Increase the height of the mowing blade to at least three or four inches. Longer grass encourages a deeper root system and better habitat growth for pollinators and other wildlife in the yard. However, if you live in a place where the grass grows quickly in the spring, note that extra long grass can become a tripping hazard.
Also, mow less often. Lawns mowed every two weeks or less support more bees. Note that once temperatures reach 70 degrees, grass growth will start to slow. ***Then once fall comes around, take another pass with the mower just before a hard frost, which will help prevent fungal issues.
“While many people tout allowing leaves to remain on the lawn, it is better to mow them, especially large thick leaves like magnolias,” says Denise Schreiber, an author and retired arborist. “Use them as mulch in beds or leave them on the grass to break down naturally.”
Plant Native and Water Wisely
Gradually replace exotics with native plants and grasses that require less, if any, water and fertilizer once they’re established. Choose plants and seeds that are organic or grown free of synthetic chemicals, and whose seeds weren’t treated with neonics. The latter can harm many organisms, including birds.
To water sustainably, do it longer but less often. Again, with grass, letting it grow longer will reduce its need for water.
Love Bugs (or at Least Leave Them Alone)
Let your lawn and garden be a welcoming place for beneficial insects, especially pollinators. They, in turn, will act as natural pest control agents while boosting the productivity of your garden. Plant pollinator-friendly native flowers among your vegetables to attract ladybugs, and let some of your herbs flower to draw in hoverflies.
“The larvae of these insects have voracious appetites and can eliminate an aphid infestation quickly,” says Ali. “Leave some plant debris or a loose layer of mulch to give spiders a place to hide, and they will happily provide control of such insects as beetles, mosquitos and flies.”
Also, alyssum and daisies attract parasitic wasps for caterpillar and tomato hornworm control.
Don’t Get Weeded Out
Though it might be tempting to just let nature take over, some weeds are worth the effort to pull so they don’t take over your natural plot or invade your neighbor’s lawn.

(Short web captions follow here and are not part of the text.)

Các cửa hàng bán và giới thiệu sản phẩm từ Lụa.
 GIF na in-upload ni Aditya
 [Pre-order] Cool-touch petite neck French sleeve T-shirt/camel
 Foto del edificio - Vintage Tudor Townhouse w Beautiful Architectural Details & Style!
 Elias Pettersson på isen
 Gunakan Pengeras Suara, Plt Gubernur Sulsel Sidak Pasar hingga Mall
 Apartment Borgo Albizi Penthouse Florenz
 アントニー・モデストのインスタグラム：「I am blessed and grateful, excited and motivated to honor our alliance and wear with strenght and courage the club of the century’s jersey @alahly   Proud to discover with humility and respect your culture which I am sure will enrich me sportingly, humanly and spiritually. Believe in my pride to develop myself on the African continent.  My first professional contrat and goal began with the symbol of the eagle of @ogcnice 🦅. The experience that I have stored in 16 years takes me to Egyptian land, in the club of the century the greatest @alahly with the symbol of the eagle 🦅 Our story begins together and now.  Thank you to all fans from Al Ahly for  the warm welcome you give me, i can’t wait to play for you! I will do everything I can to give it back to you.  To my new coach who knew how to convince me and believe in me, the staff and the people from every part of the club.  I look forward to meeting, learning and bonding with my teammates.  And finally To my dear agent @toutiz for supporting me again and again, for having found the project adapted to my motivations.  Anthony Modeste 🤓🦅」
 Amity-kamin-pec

“Remove invasive weeds, such as hairy bittercress, crabgrass, thistles and wild strawberry, by hand,” says Schreiber. “The last can cause a fall-slipping hazard, especially in areas where there are slopes in the lawn. I speak from experience.”
When All Else Fails
Sometimes with weeds, you might have to break out the big guns. Luckily there are many natural weed killers on the market. Schreiber recommends Burnout or horticultural vinegar.
“The ‘hack’ weedkiller that involves dish soap, Epsom salts, [regular] vinegar, etc. is wonderful if you want to kill beneficial organisms, worms and the like,” says Schreiber. “And it mostly top kills weeds which will come back and does nothing for seeds.”
You can also try a pre-emergent preventer like corn gluten, which will kill most weed seeds in your lawn.